In a previous lesson, students solved systems of linear equations by graphing. Here, they transition to solving systems algebraically—by substitution—and to reasoning about systems without a context.
The lesson activates and builds on what students have learned in grade 8 about solving by substitution. Students see that a system can be solved by replacing a variable with a number or with an expression, and that various substitutions can be done to solve the same system. They also begin to build an awareness of the kinds of systems that are conducive to being solved by substitution.
Students practice looking for and making use of structure as they identify the variables or expressions to substitute and ways to perform substitutions efficiently (MP7).
- Recognize that a system can be efficiently solved by substitution if one variable is already isolated or can be easily isolated.
- Recognize that there are multiple ways to perform substitution to solve a system of equations.

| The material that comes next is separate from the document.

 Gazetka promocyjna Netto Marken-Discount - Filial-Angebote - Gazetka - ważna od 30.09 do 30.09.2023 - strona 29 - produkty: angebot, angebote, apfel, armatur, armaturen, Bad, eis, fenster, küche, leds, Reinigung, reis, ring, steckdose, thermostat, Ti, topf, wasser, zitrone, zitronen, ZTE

- Solve systems of linear equations by substituting a variable with a number or an expression, and check solutions by substituting them back into the equations.
- Let’s use substitution to solve systems of linear equations.
Access to graphing technology available for students.
- I can solve systems of equations by substituting a variable or an expression.
- I know more than one way to perform substitution and can decide which way or what to substitute based on how the given equations are written.
solution to a system of equations
A coordinate pair that makes both equations in the system true.
On the graph shown of the equations in a system, the solution is the point where the graphs intersect.
Substitution is replacing a variable with an expression it is equal to.
system of equations
Two or more equations that represent the constraints in the same situation form a system of equations.